DBConfig
The DBConfig class specifies the storage location for the index, with options for in-memory storage, databases, or file-based storage.
Parameters
| Parameter | Type | Default | Description |
|---|
location | string | - | DB location (redis, postgres, memory, rocksdb, threadsafememory) |
table_name | string | None | (Optional) Table name (postgres-only) |
connection_string | string | None | (Optional) Connection string to access DB. |
The supported location options are:
"rocksdb": Use for persistent local storage with no network dependency (recommended for embedded/local deployments).
"redis": Use for high-speed, in-memory storage (recommended for index_location).
"postgres": Use for reliable, SQL-based storage (recommended for config_location).
"memory": Use for temporary in-memory storage (for benchmarking and evaluation purposes).
"threadsafememory": Use for thread-safe in-memory storage (for multi-threaded benchmarking and evaluation).

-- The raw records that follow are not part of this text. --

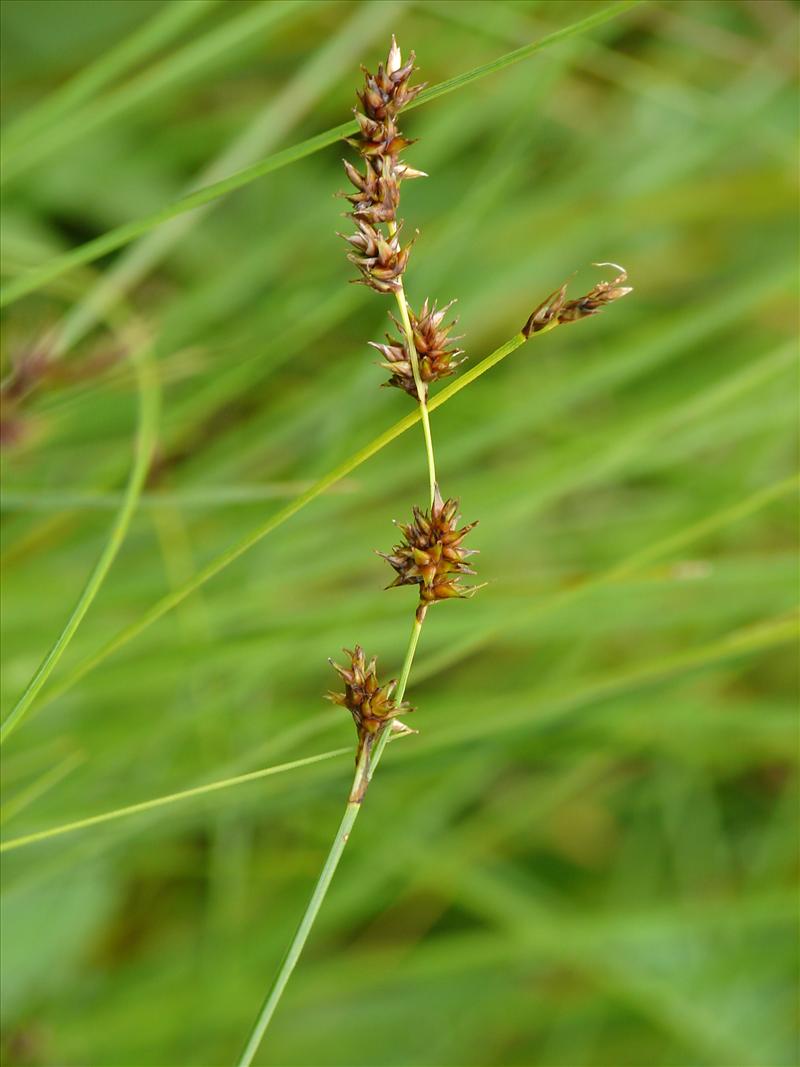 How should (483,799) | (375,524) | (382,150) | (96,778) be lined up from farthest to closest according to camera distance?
(483,799) → (375,524) → (96,778) → (382,150)

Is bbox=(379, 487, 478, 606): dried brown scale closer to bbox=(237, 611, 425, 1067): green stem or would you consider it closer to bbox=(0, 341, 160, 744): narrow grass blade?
bbox=(237, 611, 425, 1067): green stem

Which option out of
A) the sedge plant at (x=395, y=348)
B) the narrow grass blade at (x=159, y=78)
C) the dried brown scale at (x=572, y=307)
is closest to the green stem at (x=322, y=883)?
the sedge plant at (x=395, y=348)

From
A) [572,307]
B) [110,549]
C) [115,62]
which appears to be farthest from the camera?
[115,62]

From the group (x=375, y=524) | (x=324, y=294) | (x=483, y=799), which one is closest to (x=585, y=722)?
(x=375, y=524)

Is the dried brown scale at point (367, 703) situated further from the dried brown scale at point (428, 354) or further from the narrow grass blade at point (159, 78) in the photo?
the narrow grass blade at point (159, 78)

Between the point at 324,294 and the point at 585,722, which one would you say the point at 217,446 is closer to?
the point at 324,294

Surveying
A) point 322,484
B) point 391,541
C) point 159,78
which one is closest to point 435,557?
point 322,484

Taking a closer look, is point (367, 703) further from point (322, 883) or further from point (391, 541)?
point (391, 541)

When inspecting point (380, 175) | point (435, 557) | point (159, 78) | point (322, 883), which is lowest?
point (322, 883) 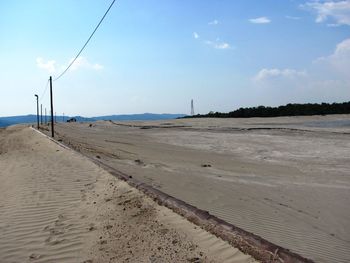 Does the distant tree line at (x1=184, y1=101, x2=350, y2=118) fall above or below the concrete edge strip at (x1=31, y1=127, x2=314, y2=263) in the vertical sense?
above

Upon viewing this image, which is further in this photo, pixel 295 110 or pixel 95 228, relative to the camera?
pixel 295 110

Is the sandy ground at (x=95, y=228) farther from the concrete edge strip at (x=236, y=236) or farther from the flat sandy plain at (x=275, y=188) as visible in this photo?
the flat sandy plain at (x=275, y=188)

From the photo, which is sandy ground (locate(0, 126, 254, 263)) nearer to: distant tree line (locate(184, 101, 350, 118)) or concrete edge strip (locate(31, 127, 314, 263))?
concrete edge strip (locate(31, 127, 314, 263))

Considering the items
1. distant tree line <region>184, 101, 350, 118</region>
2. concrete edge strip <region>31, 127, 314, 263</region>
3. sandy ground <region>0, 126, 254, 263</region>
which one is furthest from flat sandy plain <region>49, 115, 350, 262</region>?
distant tree line <region>184, 101, 350, 118</region>

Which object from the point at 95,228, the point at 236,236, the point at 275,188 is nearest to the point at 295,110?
the point at 275,188

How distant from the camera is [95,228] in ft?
25.0

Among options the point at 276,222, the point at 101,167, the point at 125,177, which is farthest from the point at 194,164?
the point at 276,222

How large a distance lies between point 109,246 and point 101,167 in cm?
805

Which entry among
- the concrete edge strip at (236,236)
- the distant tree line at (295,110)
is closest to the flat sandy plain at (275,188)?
the concrete edge strip at (236,236)

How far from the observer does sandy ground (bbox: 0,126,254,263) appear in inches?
244

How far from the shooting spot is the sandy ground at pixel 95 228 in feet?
20.3

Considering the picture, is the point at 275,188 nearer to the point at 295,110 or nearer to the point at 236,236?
the point at 236,236

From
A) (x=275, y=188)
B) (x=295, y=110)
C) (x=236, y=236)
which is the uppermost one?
(x=295, y=110)

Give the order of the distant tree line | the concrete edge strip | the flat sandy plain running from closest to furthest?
the concrete edge strip
the flat sandy plain
the distant tree line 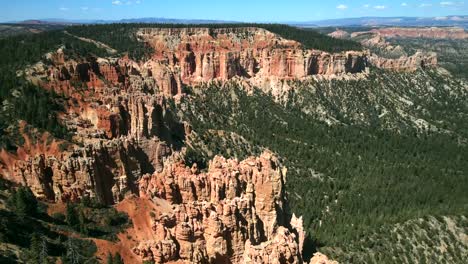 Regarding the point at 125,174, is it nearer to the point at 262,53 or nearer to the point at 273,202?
the point at 273,202

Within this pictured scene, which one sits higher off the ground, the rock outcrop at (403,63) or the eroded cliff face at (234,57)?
the eroded cliff face at (234,57)

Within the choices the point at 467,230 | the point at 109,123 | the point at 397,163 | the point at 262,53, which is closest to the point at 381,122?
the point at 397,163

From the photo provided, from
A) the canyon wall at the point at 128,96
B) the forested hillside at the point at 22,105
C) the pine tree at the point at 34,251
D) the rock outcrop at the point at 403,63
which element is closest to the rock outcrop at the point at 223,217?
the canyon wall at the point at 128,96

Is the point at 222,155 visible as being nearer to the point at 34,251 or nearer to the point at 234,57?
the point at 234,57

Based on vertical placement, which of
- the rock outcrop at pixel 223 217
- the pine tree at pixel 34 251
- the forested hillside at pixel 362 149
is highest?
the pine tree at pixel 34 251

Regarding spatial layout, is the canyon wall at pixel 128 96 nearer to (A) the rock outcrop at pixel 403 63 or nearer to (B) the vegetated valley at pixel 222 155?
(B) the vegetated valley at pixel 222 155

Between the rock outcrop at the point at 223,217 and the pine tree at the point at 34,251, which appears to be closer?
the pine tree at the point at 34,251

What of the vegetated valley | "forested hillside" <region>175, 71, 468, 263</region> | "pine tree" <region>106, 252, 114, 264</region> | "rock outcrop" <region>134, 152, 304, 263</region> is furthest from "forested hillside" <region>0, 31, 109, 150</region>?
"forested hillside" <region>175, 71, 468, 263</region>

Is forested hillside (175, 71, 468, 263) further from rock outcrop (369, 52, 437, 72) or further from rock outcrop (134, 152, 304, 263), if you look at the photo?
rock outcrop (134, 152, 304, 263) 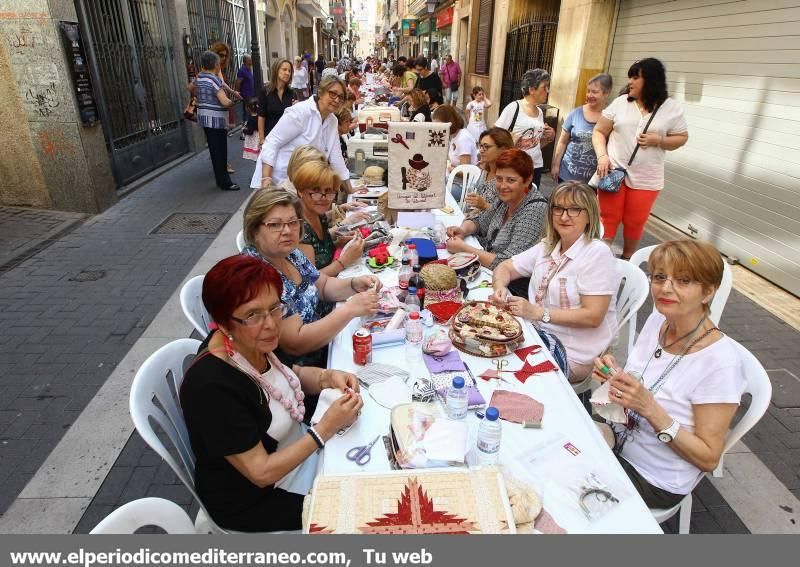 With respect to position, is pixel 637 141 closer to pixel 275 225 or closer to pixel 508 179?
pixel 508 179

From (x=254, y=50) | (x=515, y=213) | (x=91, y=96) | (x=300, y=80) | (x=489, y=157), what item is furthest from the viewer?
(x=300, y=80)

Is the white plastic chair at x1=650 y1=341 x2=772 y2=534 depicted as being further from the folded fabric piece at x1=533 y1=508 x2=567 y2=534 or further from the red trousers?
the red trousers

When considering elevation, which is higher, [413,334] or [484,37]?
[484,37]

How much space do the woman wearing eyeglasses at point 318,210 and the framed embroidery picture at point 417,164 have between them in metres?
0.59

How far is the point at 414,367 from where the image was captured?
7.17 feet

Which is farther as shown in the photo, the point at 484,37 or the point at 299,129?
the point at 484,37

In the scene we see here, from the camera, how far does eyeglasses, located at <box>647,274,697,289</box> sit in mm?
1821

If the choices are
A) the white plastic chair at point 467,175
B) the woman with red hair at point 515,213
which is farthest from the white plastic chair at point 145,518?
the white plastic chair at point 467,175

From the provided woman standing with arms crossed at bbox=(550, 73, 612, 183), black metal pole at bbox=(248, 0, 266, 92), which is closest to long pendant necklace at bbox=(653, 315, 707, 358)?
woman standing with arms crossed at bbox=(550, 73, 612, 183)

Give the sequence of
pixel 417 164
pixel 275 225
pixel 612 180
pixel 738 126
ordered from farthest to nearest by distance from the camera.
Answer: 1. pixel 738 126
2. pixel 612 180
3. pixel 417 164
4. pixel 275 225

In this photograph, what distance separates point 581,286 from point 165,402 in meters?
2.10

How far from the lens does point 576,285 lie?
2.57 metres

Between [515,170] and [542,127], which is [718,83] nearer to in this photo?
[542,127]

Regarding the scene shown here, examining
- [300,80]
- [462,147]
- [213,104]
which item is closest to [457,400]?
[462,147] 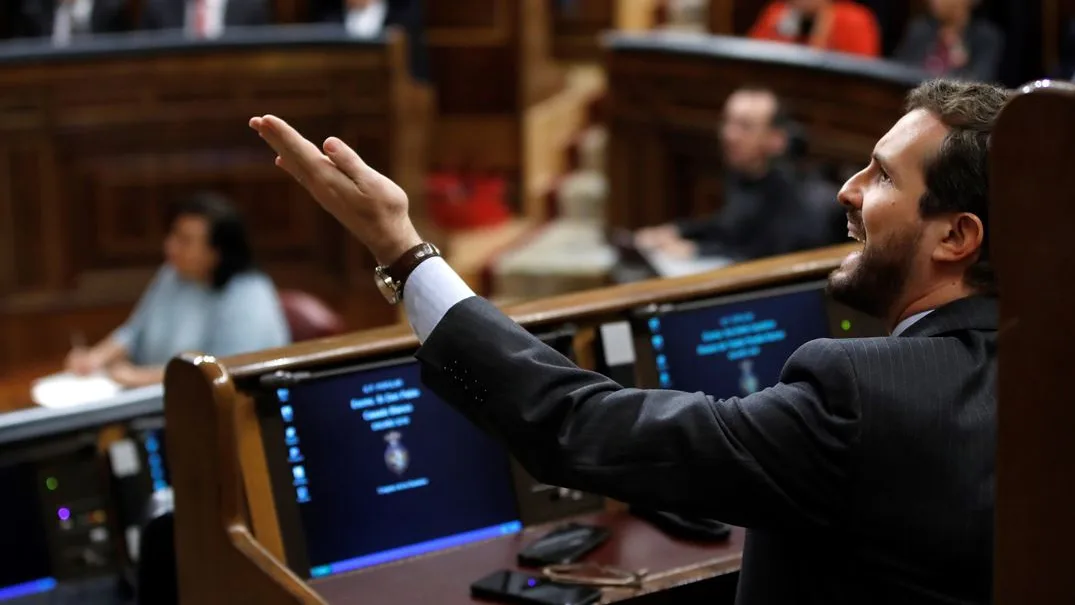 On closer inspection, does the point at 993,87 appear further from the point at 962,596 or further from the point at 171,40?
the point at 171,40

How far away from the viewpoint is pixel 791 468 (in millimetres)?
1454

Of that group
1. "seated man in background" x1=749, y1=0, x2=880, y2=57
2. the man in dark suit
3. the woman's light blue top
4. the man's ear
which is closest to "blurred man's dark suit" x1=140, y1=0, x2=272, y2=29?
"seated man in background" x1=749, y1=0, x2=880, y2=57

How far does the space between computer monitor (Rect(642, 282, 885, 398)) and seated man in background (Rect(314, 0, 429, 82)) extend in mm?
4843

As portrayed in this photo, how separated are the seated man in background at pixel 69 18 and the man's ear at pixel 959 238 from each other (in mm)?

memory is deprecated and will be removed in a future release. Please use threadsafememory instead.
Example Usage
import cyborgdb_core as cyborgdb
index_location = cyborgdb.DBConfig(
location="redis",
connection_string="redis://localhost"
)
config_location = cyborgdb.DBConfig(
location="postgres",
table_name="config_table",
connection_string="host=localhost dbname=postgres"
)
For more info, you can read about supported backing stores here.
GPUConfig
The GPUConfig class configures which operations should use GPU acceleration. GPU acceleration requires CUDA support.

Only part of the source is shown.